*Data supplied*.
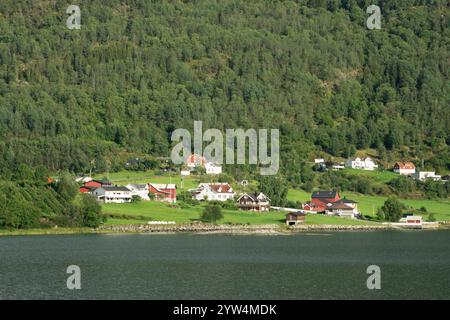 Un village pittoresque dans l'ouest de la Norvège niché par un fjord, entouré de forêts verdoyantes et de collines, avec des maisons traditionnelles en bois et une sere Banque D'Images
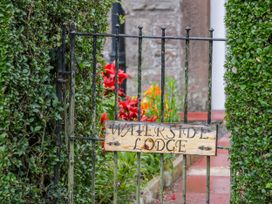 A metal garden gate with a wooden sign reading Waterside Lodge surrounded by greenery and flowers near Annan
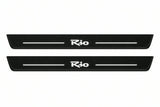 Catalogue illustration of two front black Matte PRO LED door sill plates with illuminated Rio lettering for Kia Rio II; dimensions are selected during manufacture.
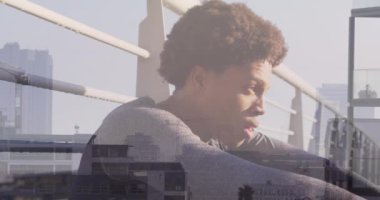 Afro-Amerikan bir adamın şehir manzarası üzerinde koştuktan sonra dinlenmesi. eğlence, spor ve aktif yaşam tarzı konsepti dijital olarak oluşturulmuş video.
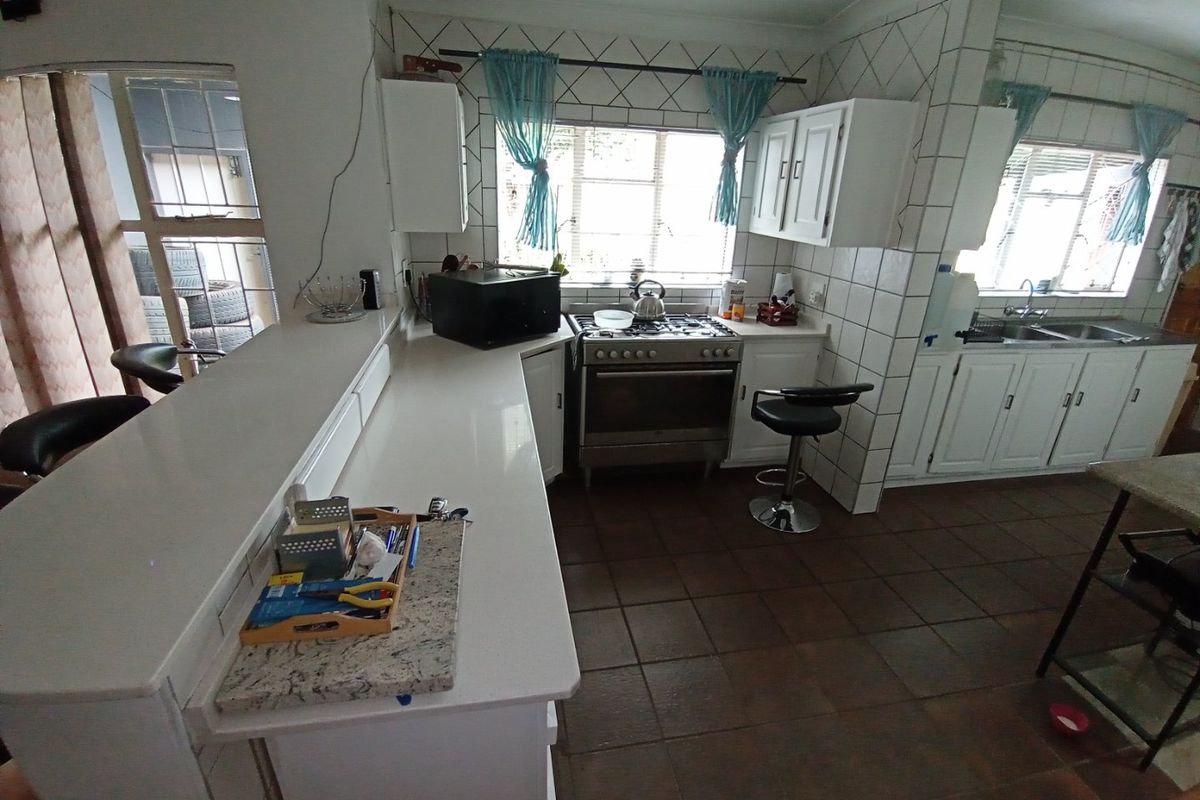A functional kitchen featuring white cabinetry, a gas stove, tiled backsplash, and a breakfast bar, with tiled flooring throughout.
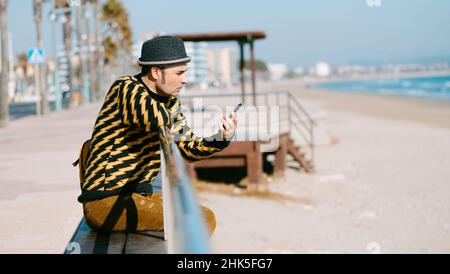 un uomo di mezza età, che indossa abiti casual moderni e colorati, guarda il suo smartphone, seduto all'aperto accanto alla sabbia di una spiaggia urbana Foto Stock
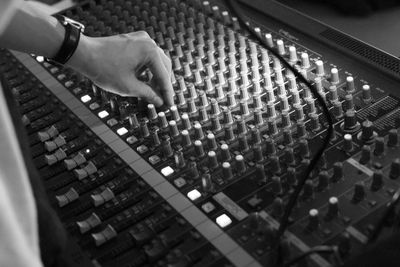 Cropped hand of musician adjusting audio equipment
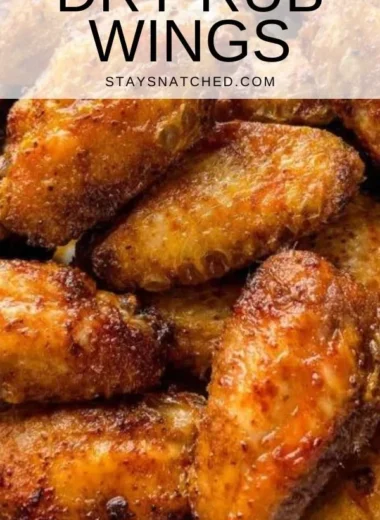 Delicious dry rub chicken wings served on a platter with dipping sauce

*What you should do*. Can you quote exactly, and only, the lines from the one containing "Catalogue illustration of" through the last line of the records above, keeping both ends and leaving out any pictures?

*Solution below*.
 Catalogue illustration of two front black Matte PRO LED door sill plates with illuminated Rio lettering for Kia Rio II; dimensions are selected during manufacture.
 Afro-Amerikan bir adamın şehir manzarası üzerinde koştuktan sonra dinlenmesi. eğlence, spor ve aktif yaşam tarzı konsepti dijital olarak oluşturulmuş video.
A functional kitchen featuring white cabinetry, a gas stove, tiled backsplash, and a breakfast bar, with tiled flooring throughout.
 un uomo di mezza età, che indossa abiti casual moderni e colorati, guarda il suo smartphone, seduto all'aperto accanto alla sabbia di una spiaggia urbana Foto Stock
 Cropped hand of musician adjusting audio equipment
 Delicious dry rub chicken wings served on a platter with dipping sauce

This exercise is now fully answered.